LAG Nürnberg, Urteil vom 17.08.2004, Az.: 6 Sa 439/04

Das kann passieren!

M
Miparix

16.08.2007 um 21:59 Uhr

Ich war noch gestern auf einem Seminar, bei dem es um die §§ 87 und 99 bis 101 ging.

Bei den §87 steht nix von Begründung. Wenn die Vorschläge vom AG dem BR nicht gefallen, dann einfach nur ablehnen. Wenn man sich nicht einig wird, dann Einigungsstelle anrufen. So oder so ähnlich steht es da drin. Aber spätestens bei der Einigungsstelle muss man dann einen eigenen Vorschlag haben.

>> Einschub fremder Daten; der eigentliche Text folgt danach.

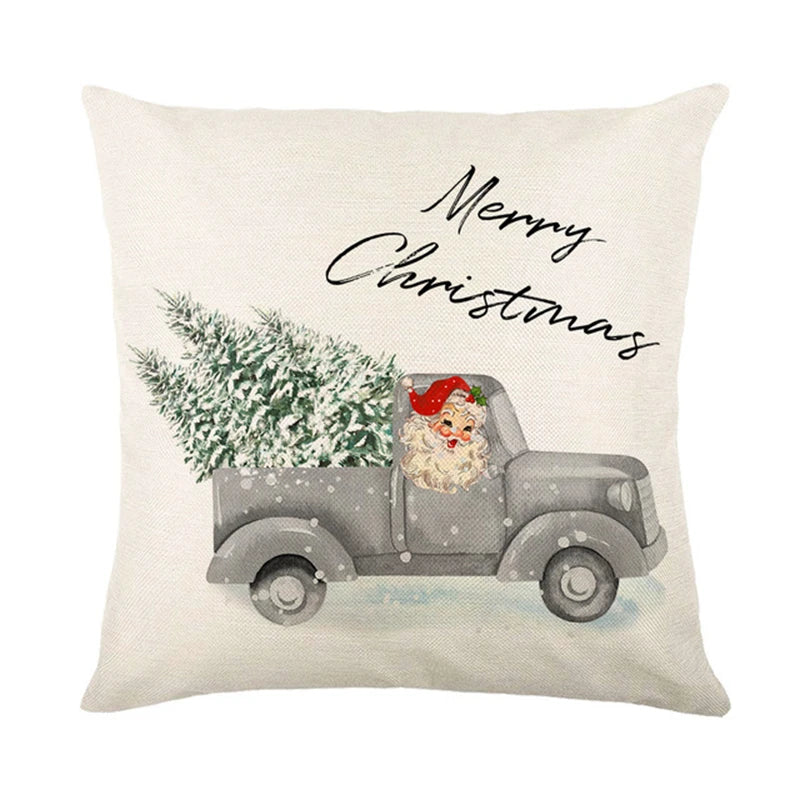 Linen Merry Christmas Pillow Cover - TheWorldOfMYes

Bei den §§99 bis 101 sieht es aber anders aus. Da muss man schon Gründe angeben.

DAH
Der alte Heini

17.08.2007 um 01:07 Uhr

Wenn der Gesetzgeber will, das für eine Sache ein Begründung gegeben wird, so hat er es auch entsprechend zu fordern. Wird eine Begründung im Gesetz nicht ausdrücklich gefordert, so muss auch keine Begründung gegeben werden. Sie zum Beispiel § 99 BetrVG fordert.